[Items from a data source]
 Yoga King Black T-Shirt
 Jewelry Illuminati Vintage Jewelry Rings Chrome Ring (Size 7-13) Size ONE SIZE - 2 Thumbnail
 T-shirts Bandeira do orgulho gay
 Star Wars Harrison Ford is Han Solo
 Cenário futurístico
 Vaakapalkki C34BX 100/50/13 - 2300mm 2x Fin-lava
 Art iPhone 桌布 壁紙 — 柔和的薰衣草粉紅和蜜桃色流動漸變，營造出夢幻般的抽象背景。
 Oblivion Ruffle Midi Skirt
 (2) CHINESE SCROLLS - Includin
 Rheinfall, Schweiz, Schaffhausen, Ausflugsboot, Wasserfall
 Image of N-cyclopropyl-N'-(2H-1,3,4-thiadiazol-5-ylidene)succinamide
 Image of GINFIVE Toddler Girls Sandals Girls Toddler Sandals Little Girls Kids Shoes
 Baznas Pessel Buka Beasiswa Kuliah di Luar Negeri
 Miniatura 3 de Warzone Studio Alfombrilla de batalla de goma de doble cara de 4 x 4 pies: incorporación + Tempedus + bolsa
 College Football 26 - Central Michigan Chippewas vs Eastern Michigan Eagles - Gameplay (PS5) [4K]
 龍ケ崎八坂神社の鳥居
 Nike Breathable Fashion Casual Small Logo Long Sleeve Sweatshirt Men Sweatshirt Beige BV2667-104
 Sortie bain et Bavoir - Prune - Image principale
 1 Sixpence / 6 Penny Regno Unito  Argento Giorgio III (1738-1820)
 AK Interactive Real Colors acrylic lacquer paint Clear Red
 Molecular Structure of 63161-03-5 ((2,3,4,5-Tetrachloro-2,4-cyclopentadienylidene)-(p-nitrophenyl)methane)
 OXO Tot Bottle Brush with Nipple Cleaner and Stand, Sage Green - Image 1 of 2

#### [EXERCISE PROMPT]
In the answer, give the lines from the first line of the data through the line with "Baznas Pessel Buka", exactly as they appear and with no additions.

#### [TASK ANSWER]
 Yoga King Black T-Shirt
 Jewelry Illuminati Vintage Jewelry Rings Chrome Ring (Size 7-13) Size ONE SIZE - 2 Thumbnail
 T-shirts Bandeira do orgulho gay
 Star Wars Harrison Ford is Han Solo
 Cenário futurístico
 Vaakapalkki C34BX 100/50/13 - 2300mm 2x Fin-lava
 Art iPhone 桌布 壁紙 — 柔和的薰衣草粉紅和蜜桃色流動漸變，營造出夢幻般的抽象背景。
 Oblivion Ruffle Midi Skirt
 (2) CHINESE SCROLLS - Includin
 Rheinfall, Schweiz, Schaffhausen, Ausflugsboot, Wasserfall
 Image of N-cyclopropyl-N'-(2H-1,3,4-thiadiazol-5-ylidene)succinamide
 Image of GINFIVE Toddler Girls Sandals Girls Toddler Sandals Little Girls Kids Shoes
 Baznas Pessel Buka Beasiswa Kuliah di Luar Negeri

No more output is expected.